*SOURCE MATERIAL:*
* * * * *
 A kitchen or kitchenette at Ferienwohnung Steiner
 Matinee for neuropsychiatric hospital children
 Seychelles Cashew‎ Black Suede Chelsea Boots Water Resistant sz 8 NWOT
* * * * *
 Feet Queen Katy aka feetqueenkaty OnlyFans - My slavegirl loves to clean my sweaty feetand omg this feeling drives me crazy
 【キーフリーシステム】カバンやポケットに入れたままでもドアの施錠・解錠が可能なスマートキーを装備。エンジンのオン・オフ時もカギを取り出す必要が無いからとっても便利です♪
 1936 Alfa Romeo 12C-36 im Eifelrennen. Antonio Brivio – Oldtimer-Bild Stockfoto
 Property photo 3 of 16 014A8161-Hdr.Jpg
* * * * *
*TASK DIRECTIONS:* Could you restate, word for word, the lines above from the one with "Matinee for neuropsychiatric" to the one with "Seychelles Cashew‎ Black", both included?

*ANSWER AREA:*
 Matinee for neuropsychiatric hospital children
 Seychelles Cashew‎ Black Suede Chelsea Boots Water Resistant sz 8 NWOT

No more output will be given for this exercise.